▸ Exercise description
The whole listing should be retyped word for word, apart from the pictures it holds.

===== Material provided =====

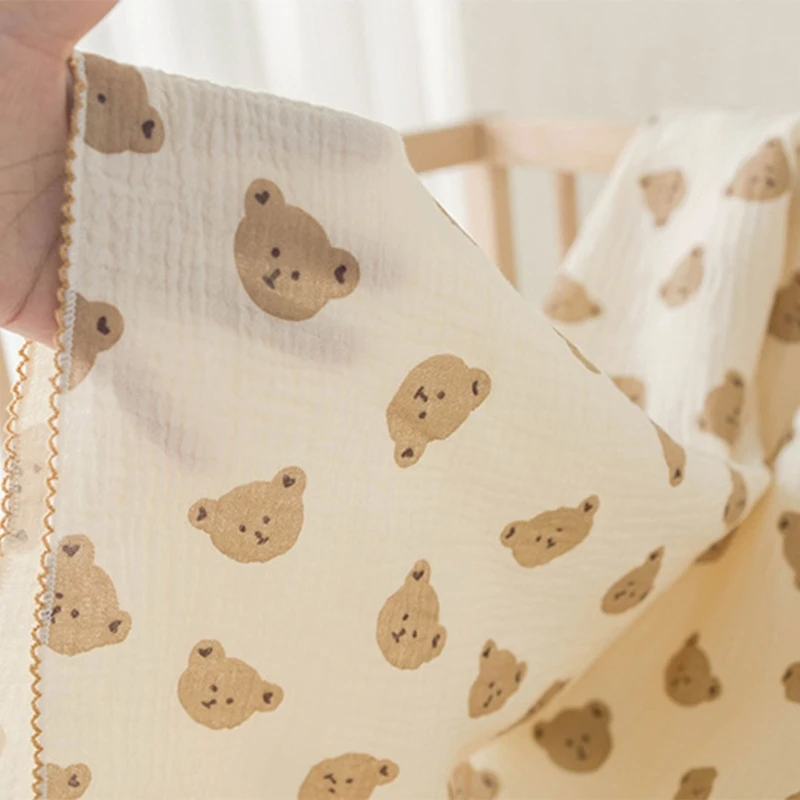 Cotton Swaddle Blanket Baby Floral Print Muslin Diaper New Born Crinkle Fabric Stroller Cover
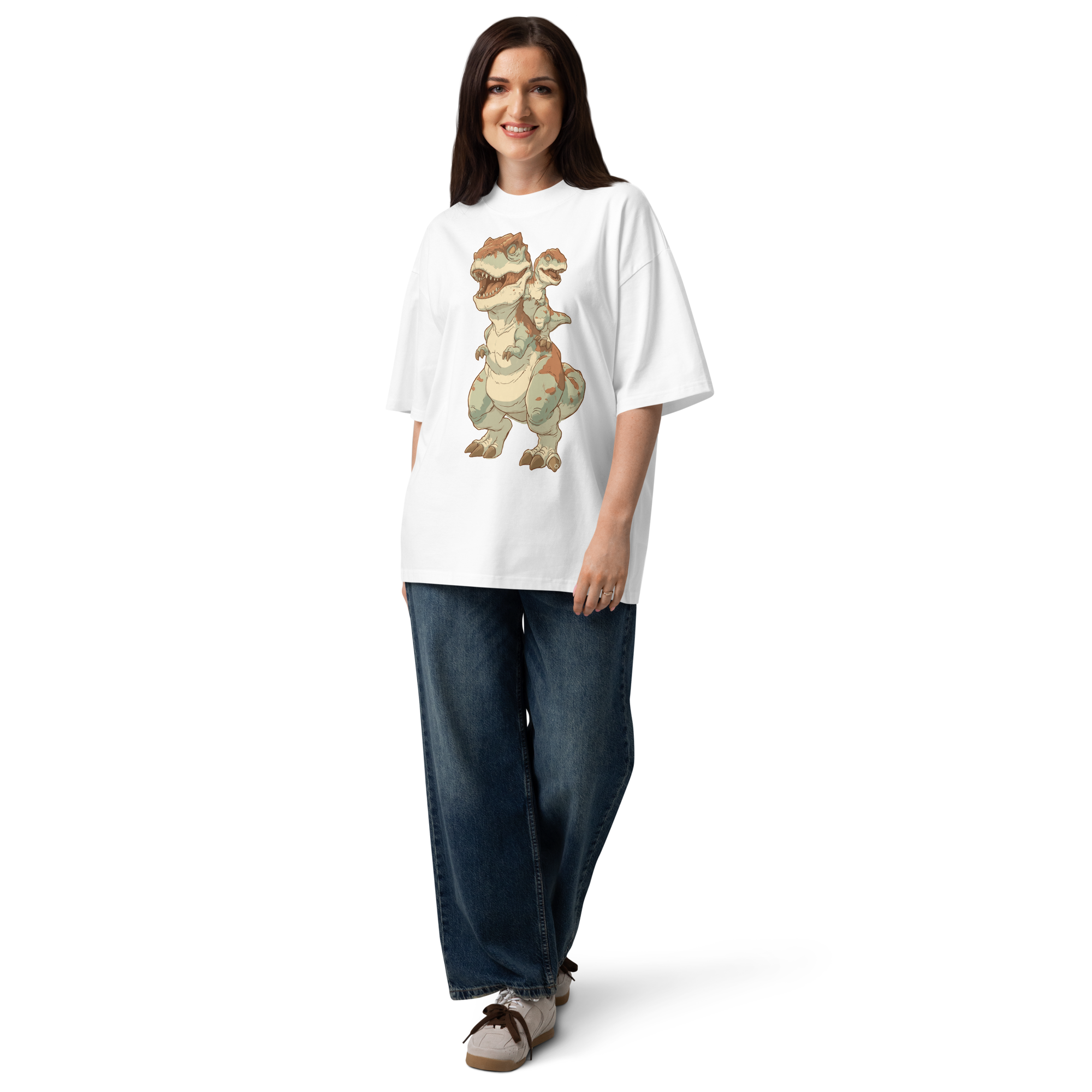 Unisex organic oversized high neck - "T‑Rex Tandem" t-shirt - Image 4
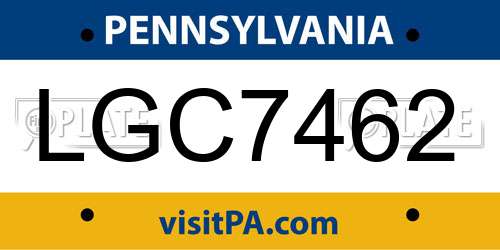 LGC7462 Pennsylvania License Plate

=====

▸ Solution for this exercise
 Cotton Swaddle Blanket Baby Floral Print Muslin Diaper New Born Crinkle Fabric Stroller Cover
 Unisex organic oversized high neck - "T‑Rex Tandem" t-shirt - Image 4
 LGC7462 Pennsylvania License Plate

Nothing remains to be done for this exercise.